NEW YORK -- VoiceStream Wireless Corp. on Sunday agreed to a $50.7 billion cash-and-stock takeover by Deutsche Telekom AG in a move that will give the money-losing wireless firm cash to buy new telephone licenses.

The deal will also provide the German company with a foothold in the United States.

VoiceStream, one of the last independent U.S. wireless companies, has licenses across the U.S. and uses a technology similar to the GSM European mobile standard. Founded in 1994, VoiceStream has 3 million subscribers and 8,200 employees.

The deal is expected to face scrutiny in the U.S. Congress, where many legislators are concerned about the 59-percent stake the German government holds in Deutsche Telekom. Under terms announced early Monday, Deutsche Telekom said Germany's ownership would shrink to 45 percent.

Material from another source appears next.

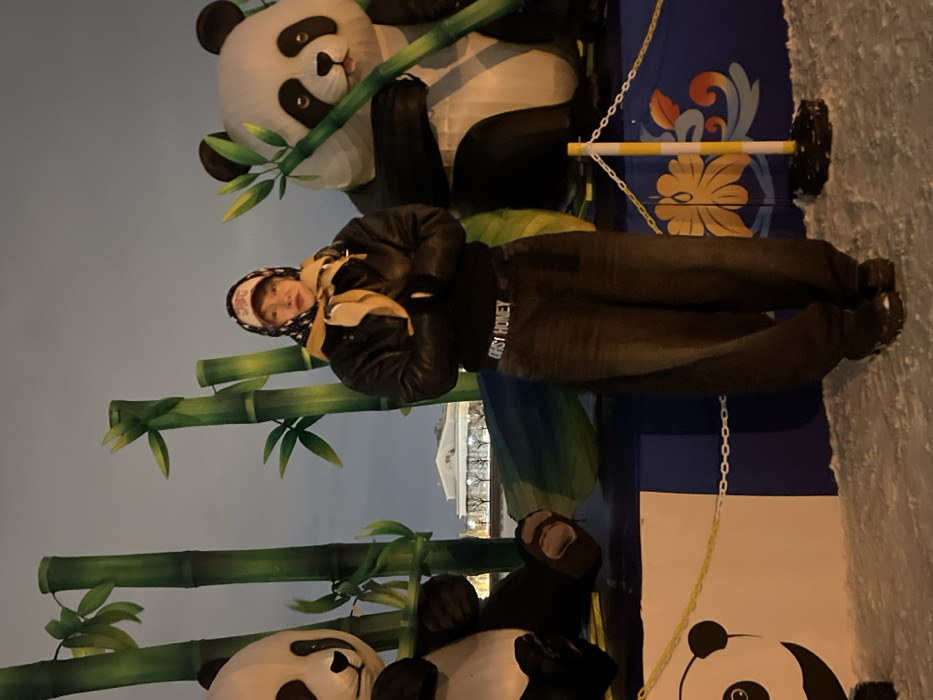 A person posing with panda-themed decorations. The decorations include a large panda figure with bamboo. The individual is wearing a dark jacket, jeans with the words "Daisy Honey" on the waistband, and a hat. A building with columns can be seen in the background. The setting appears to be outdoors, possibly in a public space with winter decorations. The image orientation is vertical.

Federal Communications Commission chairman William Kennard said Thursday that his agency would "carefully scrutinize" any proposed acquisition of a U.S. telecommunications firm by a government-controlled foreign telephone company.

A U.S. law prohibits the acquisition of a U.S. telephone company by any firm more than 25 percent owned by a foreign government. But the law gives regulators discretion to waive that limitation if a deal is deemed to be in the public interest.

If the sale is blocked by the U.S. Congress, Willy Helin, spokesman for the European Union delegation in Washington, said the United States would be in violation of WTO rules.

Helin said the EU would then send a letter to U.S. Trade Representative Charlene Barshefsky, probably Monday, warning that the legislation sponsored by Senator Fritz Hollings would violate a 1997 WTO agreement on telecoms.

If the legislation becomes law, Helin said, the EU could bring a case against the United States at the Geneva-based WTO.

Deutsche Telekom will pay 3.2 shares of its stock, plus $30 cash, for each VoiceStream share. Deutsche Telekom will also assume $5 billion in VoiceStream debt, the companies said.

Under the complicated two-step deal, which was widely expected, Deutsche Telekom will make a separate $5 billion cash investment in VoiceStream. The German company will receive preferred stock convertible into common stock at $160 per share.

Deutsche Telekom has made no secret of its desire to enter the United States f the world's largest telecoms market. While the company has a war chest of 100 billion euros ($92 billion) to finance its assault, it may be thwarted in its expansion drive by U.S. regulators.

Finnish telecom operator Sonera said Monday it would sell its 7.9 percent stake in VoiceStream to Deutsche Telekom for $3.7 billion.

Sonera said it would pay in both cash and shares for the VoiceStream stake.

It said it would receive $569 million in cash and 60.7 million Deutsche Telekom shares for a 1.7 percent stake.

"The fact that we are selling our VoiceStream shares will not affect our service operations strategy in the United States, ? a major market for Sonera's developing service and technology businesses, both because of its size and potential for large numbers of transactions per subscriber," said Sonera's Deputy Chief Executive Kaj-Erik Relander in a statement.

VoiceStream said earlier that more than half its owners had agreed to Deutsche Telekom's bid, worth some $50.7 billion.

After the sale, Sonera's sole U.S. holding will be its 11.8 percent stake in U.S. operator Powertel, which operates in 12 Southeastern states.